What to watch out for
The first trap is downloading and loading a dex or library over an insecure channel, which lets an attacker inject code; use HTTPS and verify integrity. The second is loading code from an untrusted or user-supplied source, which can run malicious code with your app's permissions. The third is using dynamic loading to self-update outside the store, which can violate Google Play policy. A pre-submission scan such as PTKD.com (https://ptkd.com) reads the compiled APK or AAB against OWASP MASVS and can surface dynamic code-loading patterns in your build, so you can confirm your app is not loading unreviewed code unsafely. The loading logic you control in the app.
What to take away
- Dynamic code loading runs executable code not bundled in the installed app, such as a dex or library fetched at runtime, which is unreviewed and can be a code-injection path.

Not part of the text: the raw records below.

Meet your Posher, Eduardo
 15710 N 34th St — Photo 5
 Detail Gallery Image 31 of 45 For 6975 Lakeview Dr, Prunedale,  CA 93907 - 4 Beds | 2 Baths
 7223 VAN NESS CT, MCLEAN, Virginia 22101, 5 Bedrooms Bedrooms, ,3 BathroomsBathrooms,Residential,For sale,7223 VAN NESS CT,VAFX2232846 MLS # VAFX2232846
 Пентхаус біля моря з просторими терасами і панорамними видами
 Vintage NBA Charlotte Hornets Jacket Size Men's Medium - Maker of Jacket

- Code fetched over an insecure channel can be tampered with, and Google Play restricts self-updating with code delivered outside its update mechanism.
- Prefer shipping code in the app; if you must load dynamically, use only trusted sources over HTTPS with integrity verification, and never load untrusted code.
- Use a pre-submission scan such as PTKD.com to surface dynamic code-loading patterns and confirm your app is not loading unreviewed code unsafely.